Here's the full code for our multi-purpose analyzer with output aggregation:

import runpod
import time
import random

def analyze_sentiment(text):
"""Simulate sentiment analysis of text."""
sentiments = ["Positive", "Neutral", "Negative"]
score = random.uniform(-1, 1)
sentiment = random.choice(sentiments)
return f"Sentiment: {sentiment}, Score: {score:.2f}"

def detect_objects(image_url):
"""Simulate object detection in an image."""
objects = ["person", "car", "dog", "cat", "tree", "building"]
detected = random.sample(objects, random.randint(1, 4))
confidences = [random.uniform(0.7, 0.99) for _ in detected]
return [f"{obj}: {conf:.2f}" for obj, conf in zip(detected, confidences)]

def handler(job):
job_input = job['input']
task_type = job_input.get('task_type', 'sentiment')
items = job_input.get('items', [])

results = []
for item in items:
time.sleep(random.uniform(0.5, 2)) # Simulate processing time

if task_type == 'sentiment':
result = analyze_sentiment(item)
elif task_type == 'object_detection':
result = detect_objects(item)
else:
result = f"Unknown task type: {task_type}"

results.append(result)
yield result

return results

def start_handler():
def wrapper(job):
generator = handler(job)
if job.get('id') == 'local_test':
return list(generator)
return generator

runpod.serverless.start({
"handler": wrapper,
"return_aggregate_stream": True
})

if __name__ == "__main__":
start_handler()

Testing your Serverless Function

To test your function locally, use these commands:

For sentiment analysis:

python your_script.py --test_input '
{
"input": {
"task_type": "sentiment",
"items": [
"I love this product!",
"The service was terrible.",
"It was okay, nothing special."
]
}
}'

For object detection:

python your_script.py --test_input '
{
"input": {
"task_type": "object_detection",
"items": [
"image1.jpg",
"image2.jpg",
"image3.jpg"
]
}
}'

Understanding the output

When you run the sentiment analysis test, you'll see output similar to this:

--- Starting Serverless Worker |  Version 1.6.2 ---
INFO | test_input set, using test_input as job input.
DEBUG | Retrieved local job: {'input': {'task_type': 'sentiment', 'items': ['I love this product!', 'The service was terrible.', 'It was okay, nothing special.']}, 'id': 'local_test'}
INFO | local_test | Started.
DEBUG | local_test | Handler output: ['Sentiment: Positive, Score: 0.85', 'Sentiment: Negative, Score: -0.72', 'Sentiment: Neutral, Score: 0.12']
DEBUG | local_test | run_job return: {'output': ['Sentiment: Positive, Score: 0.85', 'Sentiment: Negative, Score: -0.72', 'Sentiment: Neutral, Score: 0.12']}
INFO | Job local_test completed successfully.
INFO | Job result: {'output': ['Sentiment: Positive, Score: 0.85', 'Sentiment: Negative, Score: -0.72', 'Sentiment: Neutral, Score: 0.12']}
INFO | Local testing complete, exiting.

This output demonstrates:

  1. The serverless worker starting and processing the job
  2. The handler generating results for each input item
  3. The aggregation of results into a single list

Conclusion

You've now created a serverless function using RunPod's Python SDK that demonstrates efficient output aggregation for both local testing and production environments. This approach simplifies result handling and ensures consistent behavior across different execution contexts.

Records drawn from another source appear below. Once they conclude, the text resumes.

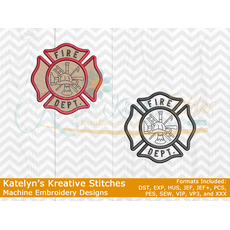 Fireman Badge Icon Embroidery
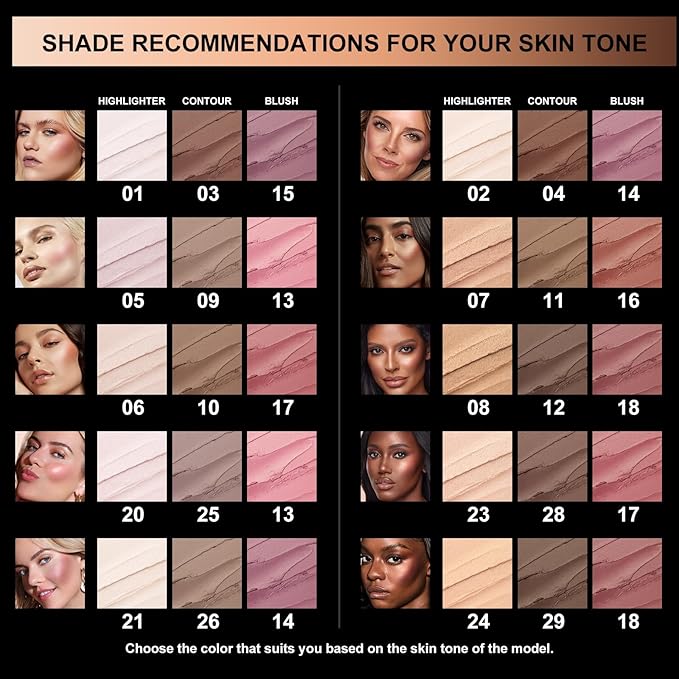 FOCALLURE 3 Pcs Cream Contour Sticks,Shades with Highlighter & Bronzer & Blush,Non-greasy Long-wear Face Contouring Pen,Easy to Sculpt the Face and Create a Lightweight Finishing Makeup,MEDIUM-DEEP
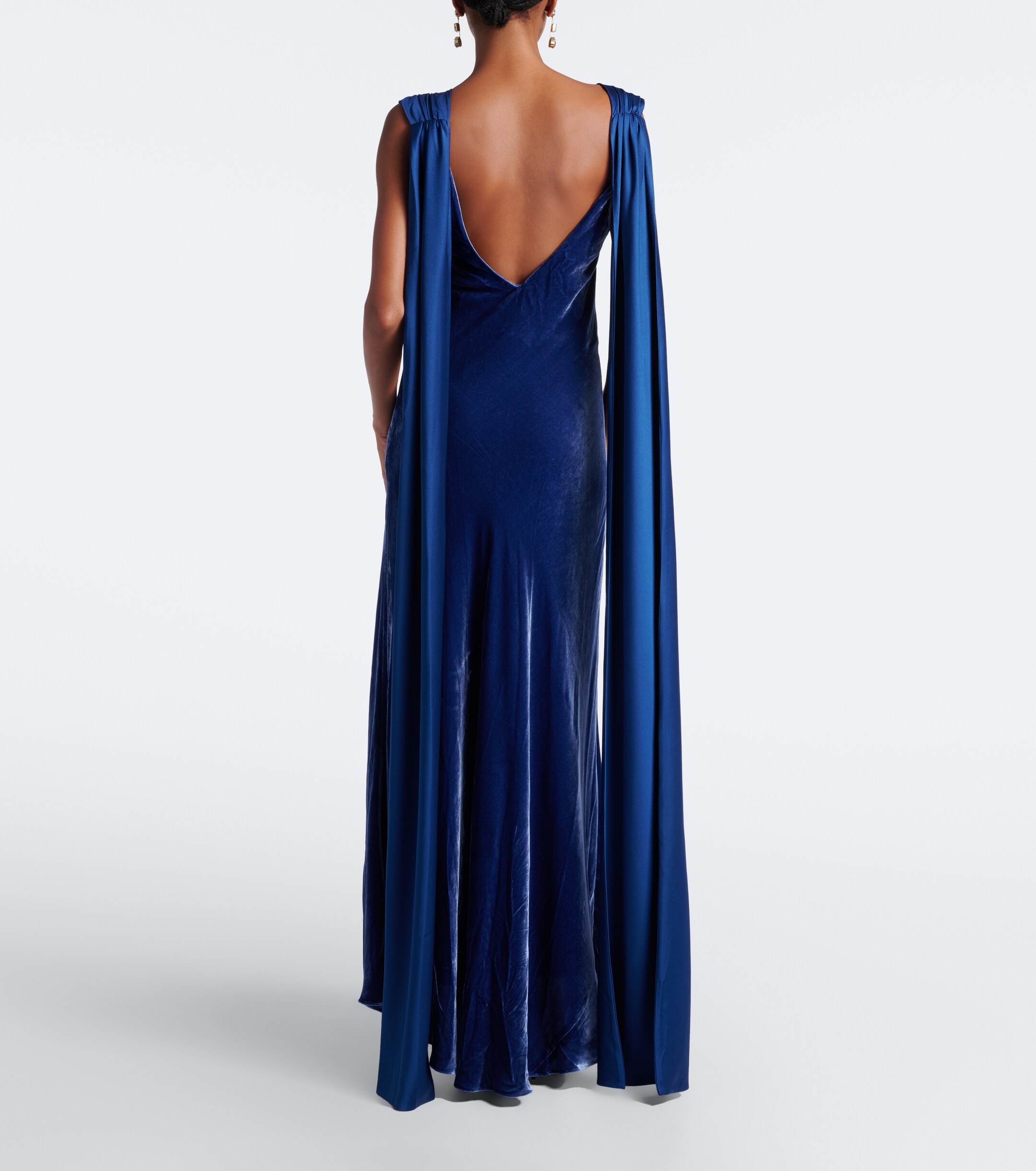 SIMKHAI Simkhai Mariselle caped velvet gown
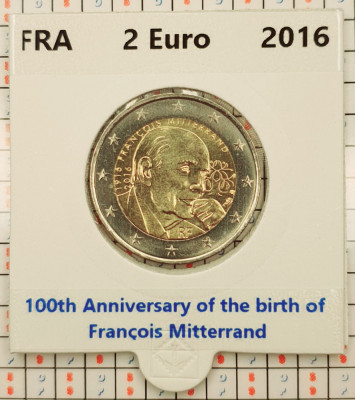 Franta 2 euro 2016 - Fran&amp;ccedil;ois Mitterrand - UNC in cartonas personalizat - B121 foto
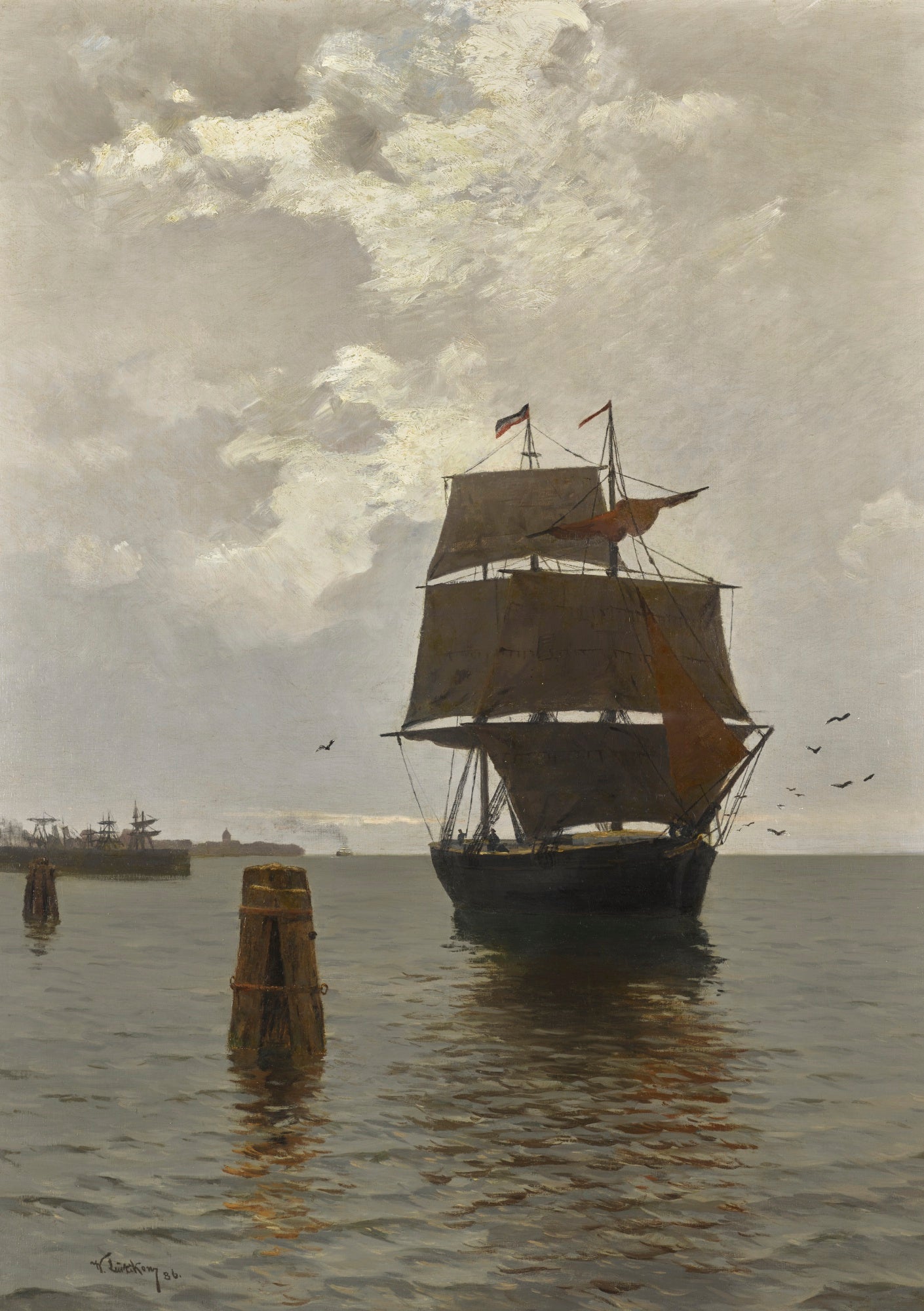 Sailing Ships on the Baltic Sea, vintage artwork by Walter Leistikow, 12x8" (A4) Poster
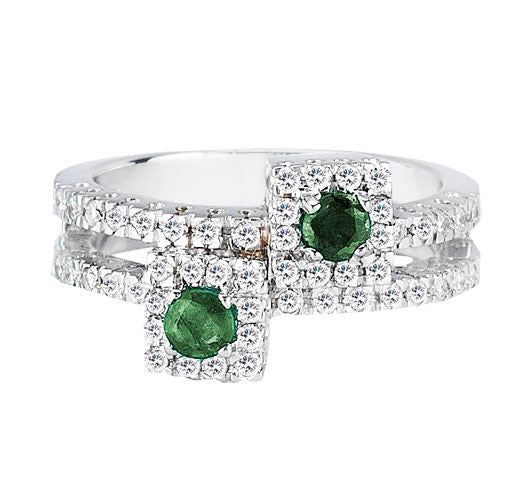 14K White Gold Fashion Ring With Diamonds And Emeralds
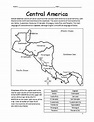 Central America Simple Map Activity Printable Worksheet | TPT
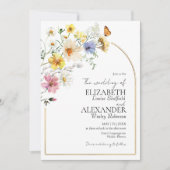 Invitation Fleur sauvage Arch Gold Frame | Mariage photo Boho (Devant)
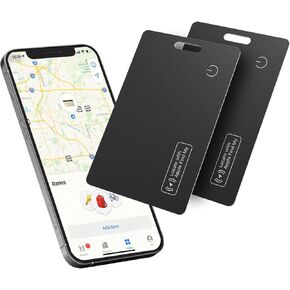 Reyke Wallet Tracker Card, Rechargeable Thin Wallet Finder, Works with Apple Find My (iOS Only), Bluetooth Tracker for Luggage Tags, Passports, Laptop, IP68 Waterproof, 2 Pack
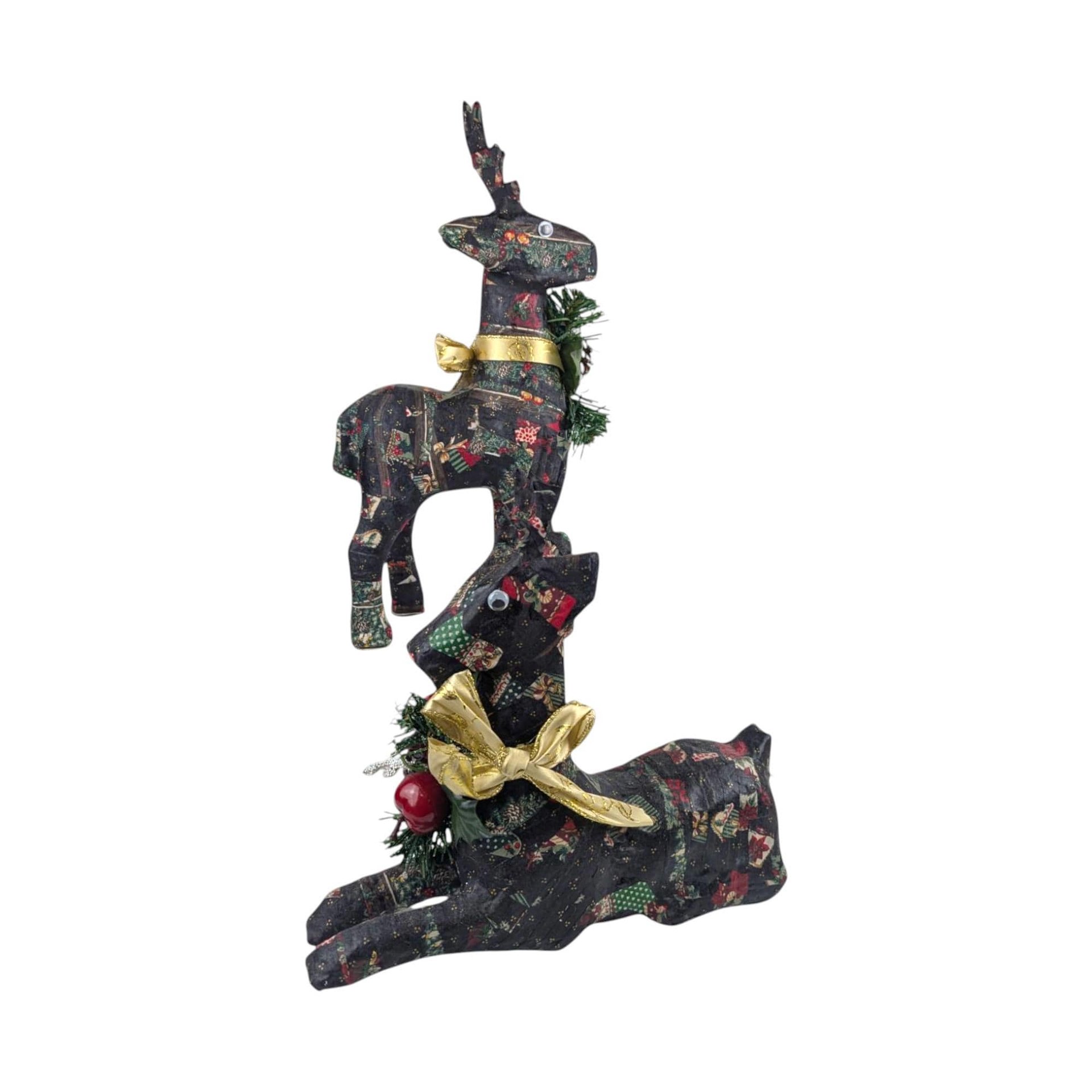 Vintage Mid-Century Paper Mache Christmas Reindeer Pair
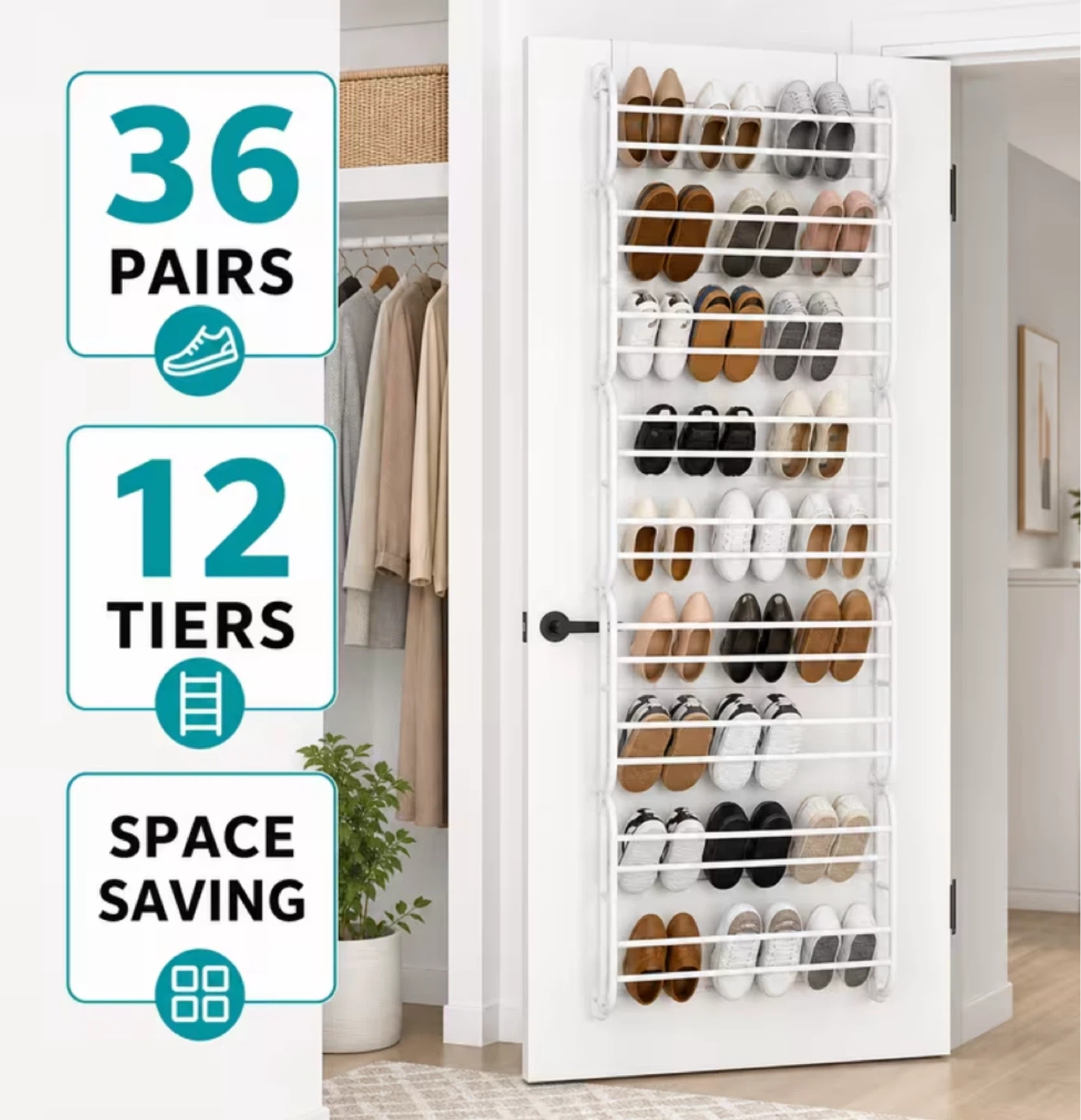 Over-the-Door 36 Pair Shoe Organizer Rack - photo 2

To further enhance this application, consider:

  • Implementing real sentiment analysis and object detection models
  • Adding error handling and logging for each processing step
  • Exploring RunPod's advanced features for handling larger datasets or parallel processing

RunPod's serverless library, with features like return_aggregate_stream, provides a powerful foundation for building scalable, efficient applications that can process and aggregate data seamlessly.